С другой стороны, мы не думаем, чтобы даже в одной и той же [стране революция произошла с такой стройностью, о какой] мечтают некоторые немецкие и русские социалисты. Очень вероятно, что если один или два из больших городов Франции — Париж, Лион, Марсель, Лиль, Сент-Этьен или Бордо, — провозгласят Коммуну, то и другие тотчас же последуют их примеру, и то же самое произойдёт ещё в нескольких, менее крупных городах. Некоторые каменноугольные и промышленные центры, точно так же, вероятно, не замедлят отпустить своих хозяев и организоваться в свободные группы.

Но по деревням многие местности ещё не дошли до этой ступени развития: рядом с восставшими общинами будут и такие, которые останутся в выжидательном положении и будут продолжать жить при индивидуалистических порядках. Но когда крестьяне увидят, что ни судебный пристав, ни сборщик податей не являются требовать с них налогов, они не будут относиться к революционерам враждебно (как это было при Республике в 1848 году), а напротив того, извлекут всё, что смогут, из нового положения и начнут сводить свои счёты с местными эксплуататорами. Со свойственным всем крестьянским восстаниям практическим смыслом (вспомним только, с каким усердием крестьяне, в 1792 -м году, обрабатывали земли, отнятые ими у помещиков, заграбивших мирские земли), они примутся за обработку земли, своей и отнятой у местных богачей, монастырей, и т. д., которая станет им тем более дорога́, что над ней не будет тяготеть никаких налогов и закладных процентов.
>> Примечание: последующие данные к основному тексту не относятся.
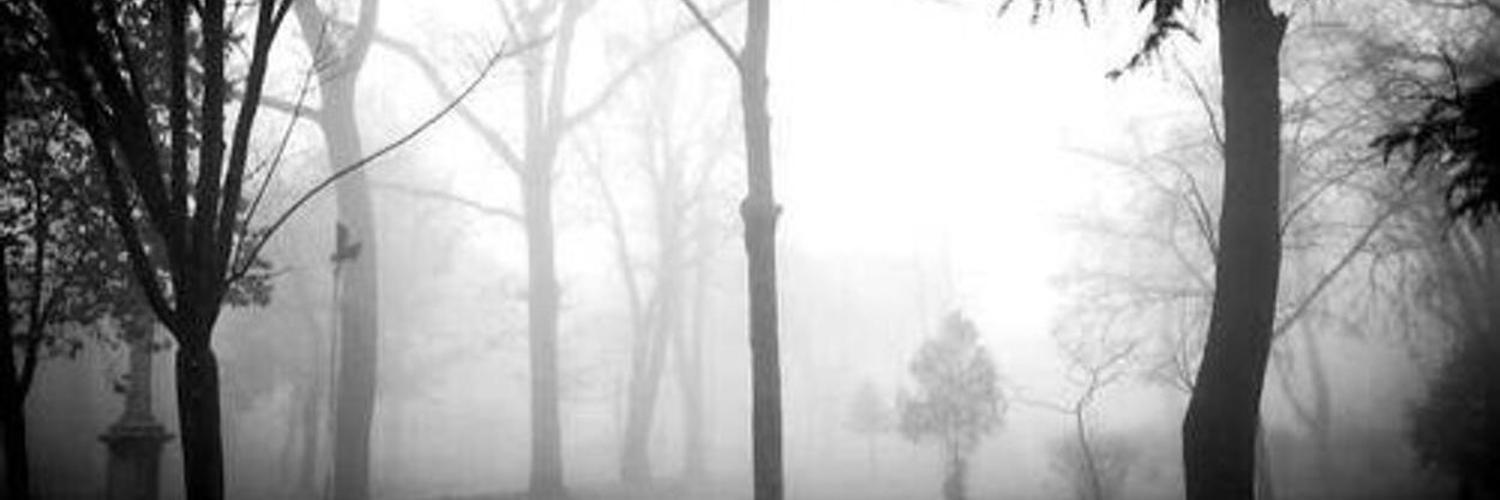 thatsoftgrunge's profile banner image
Что касается внешних сношений с другими странами, то повсюду в Европе и Америке будет царить революция, но революция в различных видах: в одном месте унитарная, в другом федералистическая и повсюду, более или менее, социалистическая. Единообразия, конечно, не будет и быть не может.

 

VI.

 

Но вернёмся к нашему восставшему городу и посмотрим, при каких условиях придётся ему заботиться о своём продовольствии.

Прежде всего является вопрос, где взять нужные припасы, если вся нация ещё не пришла к коммунистическому строю?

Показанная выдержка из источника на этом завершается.